Each line, starting at the one with "Necessaire Couro Sintético" and running to the end of the data below, is to be set down again exactly, both ends included; leave pictures out.

Crawled caption data
┌────────
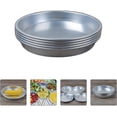 thumbnail image 6 of 5-Piece Reusable Aluminum Camping Plates Set for Outdoor Dining, Silver Metal BBQ Trays, 6 of 9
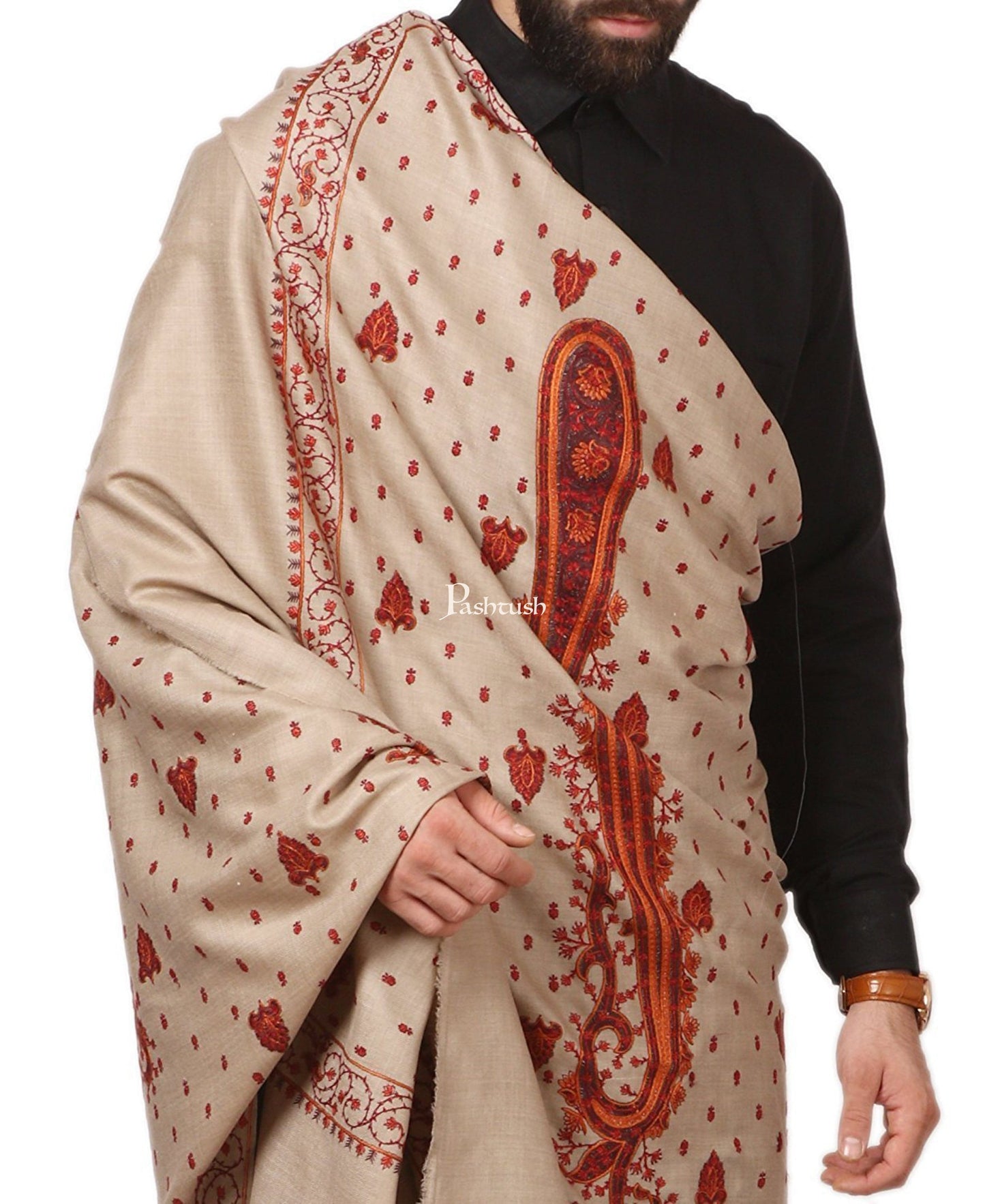 Pashtush India Mens Shawls Gents Shawl Pashtush Mens Embroidery Shawl, Gents Shawls, Handmade Embroidery
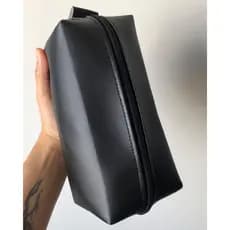 Necessaire Couro Sintético Viagem Maquiagem Compacta Grande Bolsa De Mão Organizador Feminino Masculino Impermeável
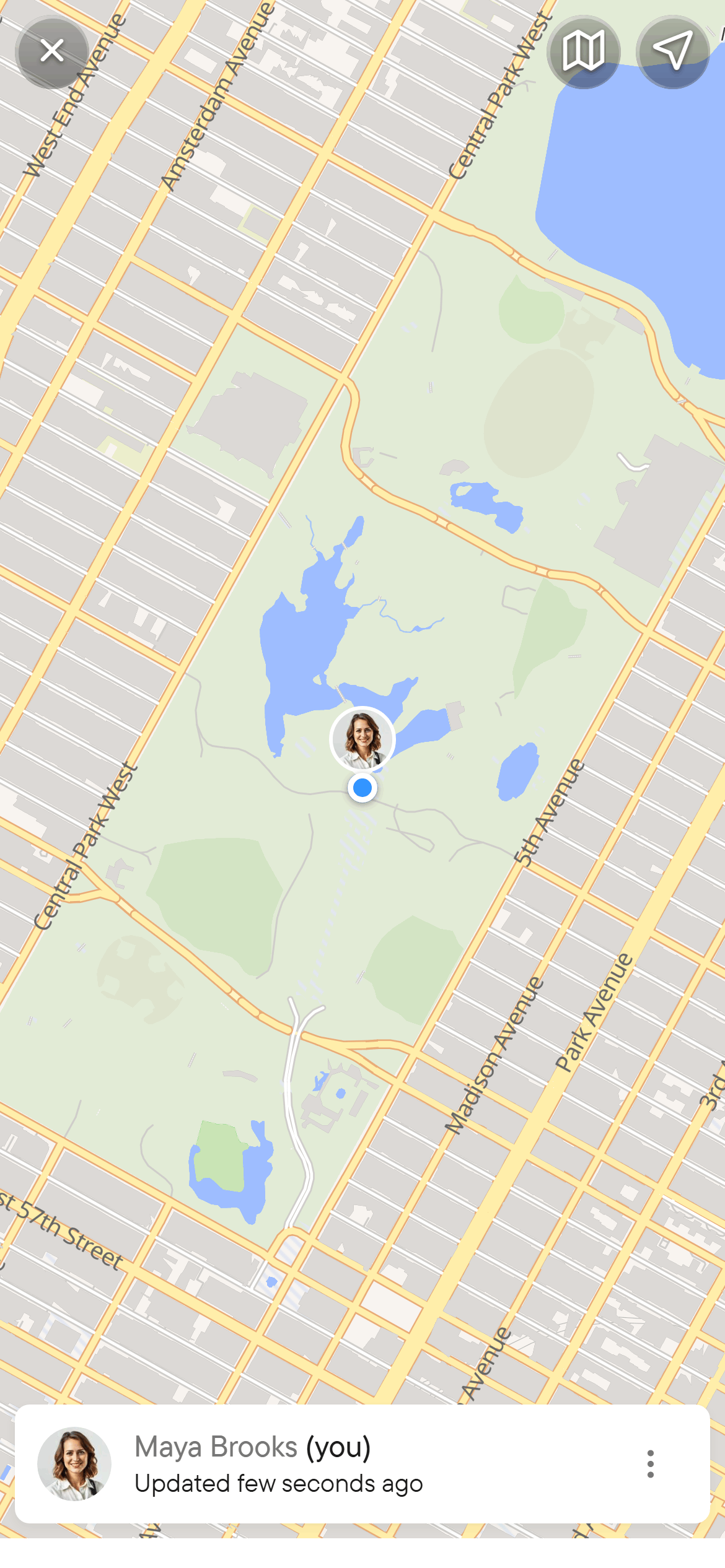 The live location map with the sharer's marker and the time of the last update.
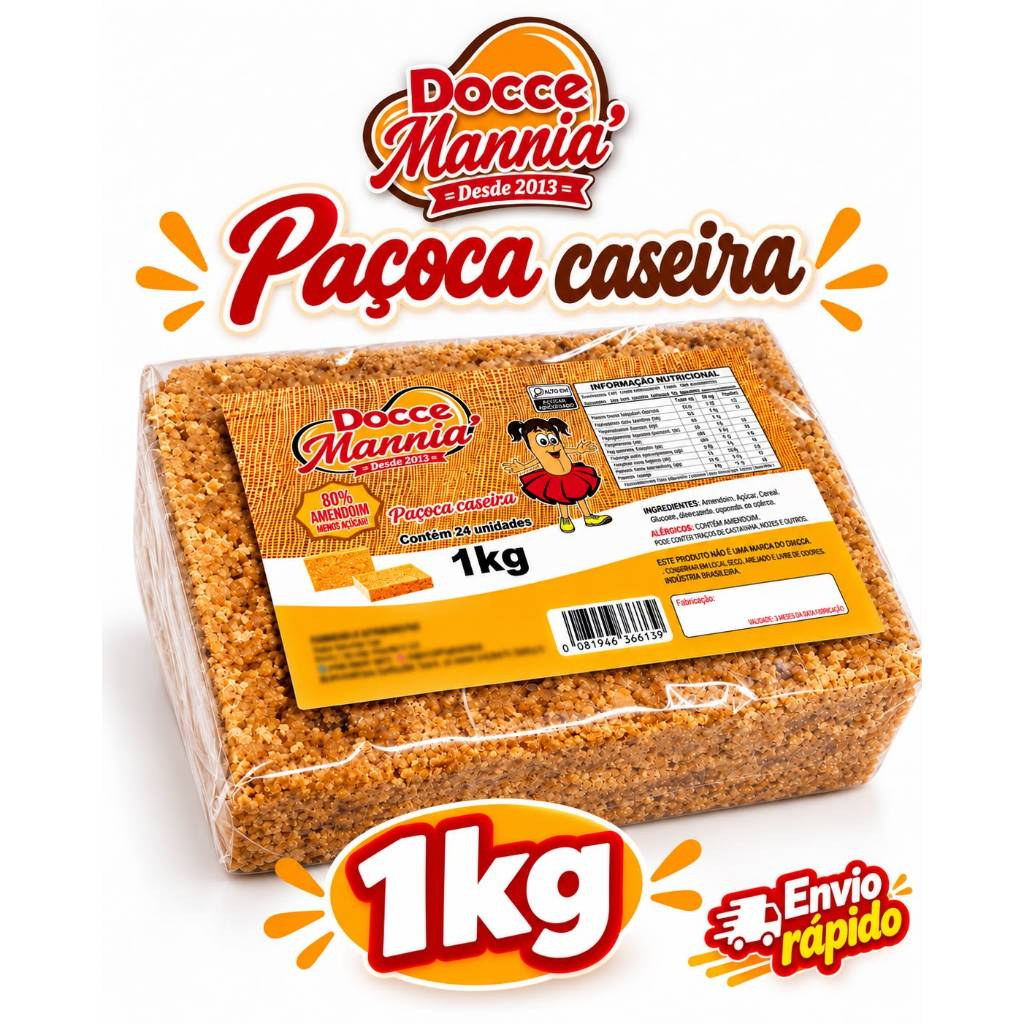 Paçoca Pouco Açúcar Pacote 1Kg com 24 Und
└────────
Response area
 Necessaire Couro Sintético Viagem Maquiagem Compacta Grande Bolsa De Mão Organizador Feminino Masculino Impermeável
 The live location map with the sharer's marker and the time of the last update.
 Paçoca Pouco Açúcar Pacote 1Kg com 24 Und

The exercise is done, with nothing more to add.